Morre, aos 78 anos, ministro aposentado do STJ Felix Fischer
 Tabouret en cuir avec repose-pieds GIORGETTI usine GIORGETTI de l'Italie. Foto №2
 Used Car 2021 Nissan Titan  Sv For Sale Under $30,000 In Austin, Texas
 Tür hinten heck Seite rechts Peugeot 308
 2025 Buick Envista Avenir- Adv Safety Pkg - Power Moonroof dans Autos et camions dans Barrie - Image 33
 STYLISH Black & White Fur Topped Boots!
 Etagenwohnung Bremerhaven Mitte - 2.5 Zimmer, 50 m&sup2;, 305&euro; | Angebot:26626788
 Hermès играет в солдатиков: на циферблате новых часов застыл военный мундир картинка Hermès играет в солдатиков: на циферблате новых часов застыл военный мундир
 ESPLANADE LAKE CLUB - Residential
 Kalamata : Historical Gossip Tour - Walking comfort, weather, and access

++++

- _What to produce_
Go through the material and write each line out again exactly.

- _Reply to the exercise_
Morre, aos 78 anos, ministro aposentado do STJ Felix Fischer
 Tabouret en cuir avec repose-pieds GIORGETTI usine GIORGETTI de l'Italie. Foto №2
 Used Car 2021 Nissan Titan  Sv For Sale Under $30,000 In Austin, Texas
 Tür hinten heck Seite rechts Peugeot 308
 2025 Buick Envista Avenir- Adv Safety Pkg - Power Moonroof dans Autos et camions dans Barrie - Image 33
 STYLISH Black & White Fur Topped Boots!
 Etagenwohnung Bremerhaven Mitte - 2.5 Zimmer, 50 m&sup2;, 305&euro; | Angebot:26626788
 Hermès играет в солдатиков: на циферблате новых часов застыл военный мундир картинка Hermès играет в солдатиков: на циферблате новых часов застыл военный мундир
 ESPLANADE LAKE CLUB - Residential
 Kalamata : Historical Gossip Tour - Walking comfort, weather, and access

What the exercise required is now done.